First you need to enable ARM performance counter for user-space access (details are here). It can be done only in kernel-space. Here is the module code and Makefile
you can use to do so:
perfcnt_enable.c:
#include <linux/module.h>
static int __init perfcnt_enable_init(void)
{
/* Enable user-mode access to the performance counter */
asm ("mcr p15, 0, %0, C9, C14, 0\n\t" :: "r"(1));
/* Disable counter overflow interrupts (just in case) */
asm ("mcr p15, 0, %0, C9, C14, 2\n\t" :: "r"(0x8000000f));
pr_debug("### perfcnt_enable module is loaded\n");
return 0;
}
static void __exit perfcnt_enable_exit(void)
{
}
module_init(perfcnt_enable_init);
module_exit(perfcnt_enable_exit);
MODULE_AUTHOR("Sam Protsenko");
MODULE_DESCRIPTION("Module for enabling performance counter on ARMv7");
MODULE_LICENSE("GPL");
Makefile:
ifneq ($(KERNELRELEASE),)
# kbuild part of makefile
CFLAGS_perfcnt_enable.o := -DDEBUG
obj-m := perfcnt_enable.o
else
# normal makefile
KDIR ?= /lib/modules/$(shell uname -r)/build
module:
$(MAKE) -C $(KDIR) M=$(PWD) modules
clean:
$(MAKE) -C $(KDIR) M=$(PWD) clean
.PHONY: module clean
endif
Build kernel module
Using configured shell environment from previous step, let's export one more environment variable:
$ export KDIR=/path/to/your/kernel/sources/dir
Now just run:
$ make
The module is built (perfcnt_enable.ko
file).
User-space application
Once ARM performance counter is enabled in kernel-space (by kernel module), you can read its value in user-space application.

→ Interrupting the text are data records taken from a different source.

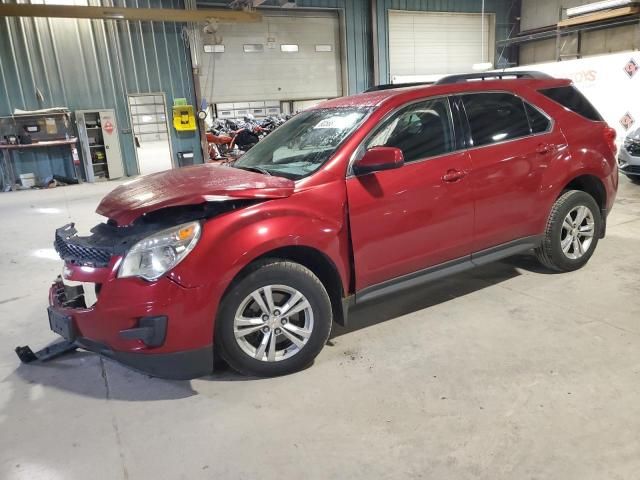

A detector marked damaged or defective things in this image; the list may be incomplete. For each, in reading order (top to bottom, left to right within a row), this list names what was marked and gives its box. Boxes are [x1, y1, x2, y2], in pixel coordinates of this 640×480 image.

crumpled hood [96, 164, 296, 226]
broken headlight assembly [117, 221, 201, 282]
damaged front bumper [16, 223, 216, 380]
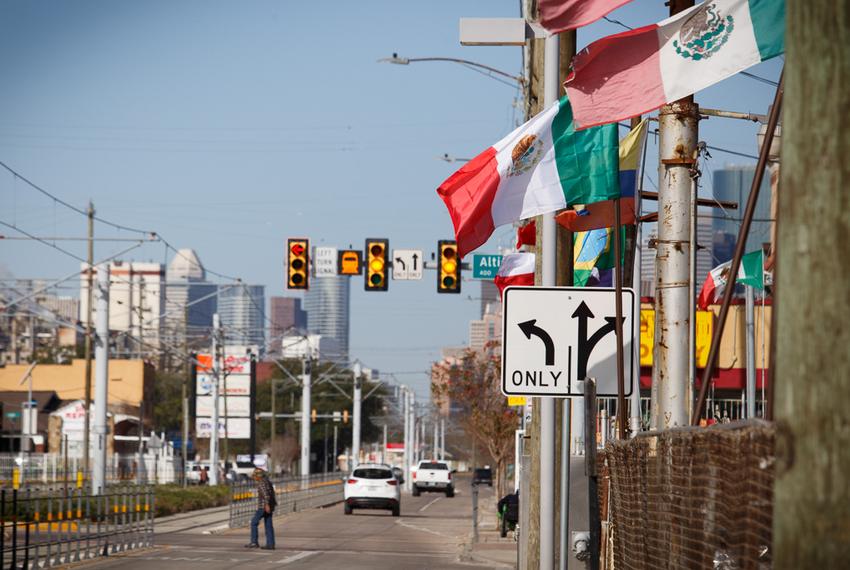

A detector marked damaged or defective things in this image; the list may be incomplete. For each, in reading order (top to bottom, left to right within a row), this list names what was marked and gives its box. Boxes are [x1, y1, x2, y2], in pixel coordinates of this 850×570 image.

rusty metal pole [648, 0, 696, 428]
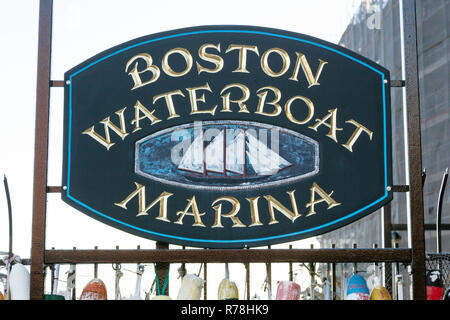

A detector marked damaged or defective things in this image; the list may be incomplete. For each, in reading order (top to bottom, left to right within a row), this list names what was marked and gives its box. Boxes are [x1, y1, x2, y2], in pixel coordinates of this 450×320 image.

Here is the example of such application.
perfcnt_test.c:
#include <stdio.h>
#include <stdlib.h>
#include <unistd.h>
static unsigned int get_cyclecount(void)
{
unsigned int value;
/* Read CCNT Register */
asm volatile ("mrc p15, 0, %0, c9, c13, 0\t\n": "=r"(value));
return value;
}
static void init_perfcounters(int32_t do_reset, int32_t enable_divider)
{
/* In general enable all counters (including cycle counter) */
int32_t value = 1;
/* Peform reset */
if (do_reset) {
value |= 2; /* reset all counters to zero */
value |= 4; /* reset cycle counter to zero */
}
if (enable_divider)
value |= 8; /* enable "by 64" divider for CCNT */
value |= 16;
/* Program the performance-counter control-register */
asm volatile ("mcr p15, 0, %0, c9, c12, 0\t\n" :: "r"(value));
/* Enable all counters */
asm volatile ("mcr p15, 0, %0, c9, c12, 1\t\n" :: "r"(0x8000000f));
/* Clear overflows */
asm volatile ("mcr p15, 0, %0, c9, c12, 3\t\n" :: "r"(0x8000000f));
}
int main(void)
{
unsigned int overhead;
unsigned int t;
/* Init counters */
init_perfcounters(1, 0);
/* Measure the counting overhead */
overhead = get_cyclecount();
overhead = get_cyclecount() - overhead;
/* Measure ticks for some operation */
t = get_cyclecount();
sleep(1);
t = get_cyclecount() - t;
printf("function took exactly %d cycles (including function call)\n",
t - overhead);
return EXIT_SUCCESS;
}
Makefile:
CC = gcc
APP = perfcnt_test
SOURCES = perfcnt_test.c
CFLAGS = -Wall -O2 -static
default:
$(CROSS_COMPILE)$(CC) $(CFLAGS) $(SOURCES) -o $(APP)
clean:
-rm -f $(APP)
.PHONY: default clean
Notice that I added -static
option just in case if you are using Android etc. If your distro has regular libc, you can probably remove that flag to reduce size of result binary.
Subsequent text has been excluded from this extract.